Given the cost, we recommend this for a special stay like an anniversary or birthday.
9. Caliente Mineral Springs Resort & Spa – Caliente, New Mexico
For authentic southwest vibes and an unforgettable hot spring experience, plan a stay at the stunning Ojo Caliente Mineral Springs Resort & Spa. It's a great spot after visiting Taos, and is only an hour's drive from Sante Fe and two hours away from Albuquerque.
"Big thumbs up here," says Jesse Baker, CEO of JET Hospitality. "Use the mix of multiple mineral options, so you can customize your unique experience while offering targeted healing. When we visited, we grabbed a sammie for lunch and a glass of wine from their bar afterward; it was a solid 360 experience."

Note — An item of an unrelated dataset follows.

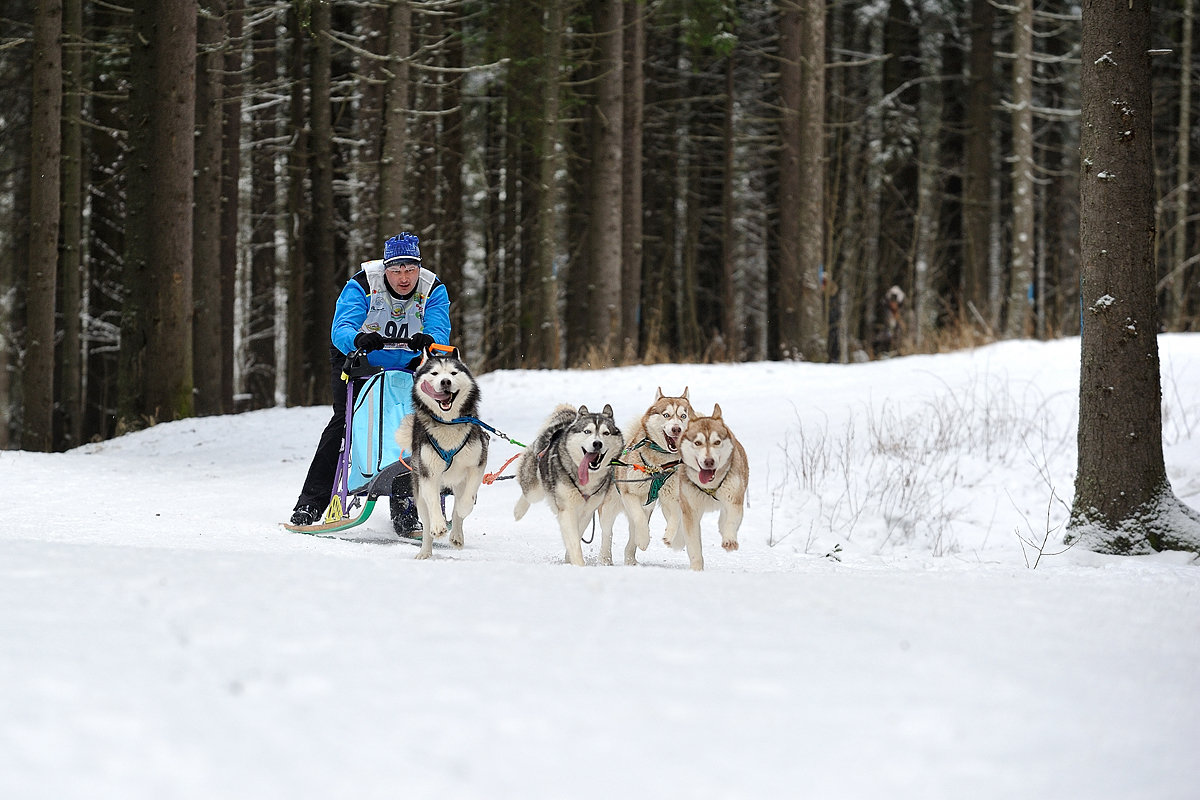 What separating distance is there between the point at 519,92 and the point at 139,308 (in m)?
10.5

10. Hot Springs National Park – Hot Springs, Arkansa
Boasting thermal water that's nearly 4,000 years old, Hot Springs National Park in Arkansas is one of the premiere destinations for anyone who loves hot springs or simply wants to enjoy the earth's magnificence first hand.
The park is unique in that it's the only non-volcanic geothermal spring with such impressive water quality. It's clear, odorless, tasteless, and perfectly warm. The park also provides access to thermal spring drinking fountains, which are said to contain many nourishing properties.